Le costume pastoral est un voile léger et transparent. Si Clément VI et ses cardinaux n’ont pas su le soulever, il faut les plaindre d’avoir eu si peu de pénétration. Le poète a voulu être deviné, et il l’a été. On trouve une partie de ces allusions expliquée dans l’histoire littéraire d’Italie, de Ginguené.

Mais si Pétrarque, qui était chanoine et attaché aux deux frères Colonna, l’évêque de Lombes et le cardinal, a cru devoir garder quelques ménagemens dans ses églogues, il a rejeté loin de lui toute réserve dans les quatre fameux sonnets (XCI, CV, CVI, CVII). Ces sonnets admirables pour la noble indignation qui les a dictés et pour leur mâle éloquence, sont de la même force que le passage de Dante. La cour pontificale y est appelée l’avare, l’impie Babylone, qui a comblé la mesure du courroux divin ; c’est un nid de trahisons, l’école de l’erreur, le temple de l’hérésie ; elle est asservie à tous les vices, à l’ivresse, à la débauche, et Belzébuth assiste en personne aux fêtes voluptueuses qui s’y donnent. Le poète annonce, en style prophétique, une catastrophe qui ne tarda pas d’arriver par le schisme et la déposition de trois papes au concile de Constance. Ces lignes offrent quelque obscurité ; mais certes l’objet de tant de malédictions est désigné clairement.

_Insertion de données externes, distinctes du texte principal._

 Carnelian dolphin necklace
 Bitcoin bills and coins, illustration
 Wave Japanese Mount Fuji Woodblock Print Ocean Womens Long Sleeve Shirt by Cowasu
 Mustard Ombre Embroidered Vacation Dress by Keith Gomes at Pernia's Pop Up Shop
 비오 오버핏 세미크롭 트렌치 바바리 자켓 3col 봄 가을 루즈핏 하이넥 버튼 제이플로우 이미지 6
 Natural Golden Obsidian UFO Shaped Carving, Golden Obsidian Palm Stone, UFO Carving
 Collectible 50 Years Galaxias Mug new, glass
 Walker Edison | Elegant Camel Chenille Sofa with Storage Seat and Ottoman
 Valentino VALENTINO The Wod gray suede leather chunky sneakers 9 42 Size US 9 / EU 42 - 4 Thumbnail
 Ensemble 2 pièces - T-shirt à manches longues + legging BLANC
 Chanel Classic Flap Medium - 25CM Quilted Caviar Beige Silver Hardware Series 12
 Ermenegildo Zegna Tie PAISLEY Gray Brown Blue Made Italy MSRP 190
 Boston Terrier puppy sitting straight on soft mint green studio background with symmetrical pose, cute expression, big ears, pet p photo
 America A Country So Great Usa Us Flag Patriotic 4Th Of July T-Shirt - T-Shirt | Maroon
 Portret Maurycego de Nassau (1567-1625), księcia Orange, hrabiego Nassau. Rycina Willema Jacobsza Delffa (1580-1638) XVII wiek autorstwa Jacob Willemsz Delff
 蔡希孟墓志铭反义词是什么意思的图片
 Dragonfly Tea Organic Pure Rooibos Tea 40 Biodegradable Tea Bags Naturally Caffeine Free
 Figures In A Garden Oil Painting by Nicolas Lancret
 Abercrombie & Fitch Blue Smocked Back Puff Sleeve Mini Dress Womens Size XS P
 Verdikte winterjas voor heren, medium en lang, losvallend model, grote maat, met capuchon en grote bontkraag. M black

Ces sonnets, bien autrement populaires que des vers latins, ont été publiés du vivant de Pétrarque ; ses poésies italiennes étant rangées par ordre chronologique, on peut en déterminer l’époque précise.

Pétrarque était dans une position plus favorable que Dante : son immense célébrité lui servait de garantie. Il était l’oracle des savans, l’idole des admirateurs de la belle poésie, le confident, l’ami de plusieurs princes, et l’orgueil de sa nation. La vérité, dite courageusement, a aussi sa puissance : ses sonnets ont eu un libre cours en Italie, et la censure tardive du concile de Trente n’a produit aucun effet.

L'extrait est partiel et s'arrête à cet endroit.